What you return must match every record word for word.
###
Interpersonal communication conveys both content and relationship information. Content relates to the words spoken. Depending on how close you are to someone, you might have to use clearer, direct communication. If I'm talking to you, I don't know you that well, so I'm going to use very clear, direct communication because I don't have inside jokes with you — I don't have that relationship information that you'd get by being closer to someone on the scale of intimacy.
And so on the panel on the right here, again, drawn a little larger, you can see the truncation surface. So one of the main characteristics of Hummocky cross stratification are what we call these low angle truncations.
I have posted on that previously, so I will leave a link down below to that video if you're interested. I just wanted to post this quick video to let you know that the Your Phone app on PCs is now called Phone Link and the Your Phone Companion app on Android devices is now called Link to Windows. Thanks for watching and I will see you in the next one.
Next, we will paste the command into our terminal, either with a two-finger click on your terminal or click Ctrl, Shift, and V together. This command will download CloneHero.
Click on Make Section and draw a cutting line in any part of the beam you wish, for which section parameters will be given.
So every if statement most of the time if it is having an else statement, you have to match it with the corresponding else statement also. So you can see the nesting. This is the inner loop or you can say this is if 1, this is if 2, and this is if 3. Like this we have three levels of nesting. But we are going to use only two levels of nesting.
###
● WRITTEN SOLUTION:
Interpersonal communication conveys both content and relationship information. Content relates to the words spoken. Depending on how close you are to someone, you might have to use clearer, direct communication. If I'm talking to you, I don't know you that well, so I'm going to use very clear, direct communication because I don't have inside jokes with you — I don't have that relationship information that you'd get by being closer to someone on the scale of intimacy.
And so on the panel on the right here, again, drawn a little larger, you can see the truncation surface. So one of the main characteristics of Hummocky cross stratification are what we call these low angle truncations.
I have posted on that previously, so I will leave a link down below to that video if you're interested. I just wanted to post this quick video to let you know that the Your Phone app on PCs is now called Phone Link and the Your Phone Companion app on Android devices is now called Link to Windows. Thanks for watching and I will see you in the next one.
Next, we will paste the command into our terminal, either with a two-finger click on your terminal or click Ctrl, Shift, and V together. This command will download CloneHero.
Click on Make Section and draw a cutting line in any part of the beam you wish, for which section parameters will be given.
So every if statement most of the time if it is having an else statement, you have to match it with the corresponding else statement also. So you can see the nesting. This is the inner loop or you can say this is if 1, this is if 2, and this is if 3. Like this we have three levels of nesting. But we are going to use only two levels of nesting.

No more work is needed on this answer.